=== Records shown ===

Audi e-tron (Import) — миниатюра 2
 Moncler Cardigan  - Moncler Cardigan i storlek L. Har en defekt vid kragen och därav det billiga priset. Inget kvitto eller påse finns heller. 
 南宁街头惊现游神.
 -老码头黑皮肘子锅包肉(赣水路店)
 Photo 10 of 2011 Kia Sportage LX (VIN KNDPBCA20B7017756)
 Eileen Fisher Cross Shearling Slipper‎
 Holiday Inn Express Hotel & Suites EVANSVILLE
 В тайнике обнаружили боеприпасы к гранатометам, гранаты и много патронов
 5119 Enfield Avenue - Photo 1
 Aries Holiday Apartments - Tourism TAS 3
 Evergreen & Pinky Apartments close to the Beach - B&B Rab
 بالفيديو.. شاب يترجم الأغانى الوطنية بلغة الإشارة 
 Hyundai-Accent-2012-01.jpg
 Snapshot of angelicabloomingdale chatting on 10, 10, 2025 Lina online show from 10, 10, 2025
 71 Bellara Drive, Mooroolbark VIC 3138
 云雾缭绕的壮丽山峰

===

• [Problem statement]
Return, exactly as written, only those lines that run from the one with "71 Bellara Drive, Mooroolbark VIC 3138" to the last line of the data, both of those lines included.

• [Result]
 71 Bellara Drive, Mooroolbark VIC 3138
 云雾缭绕的壮丽山峰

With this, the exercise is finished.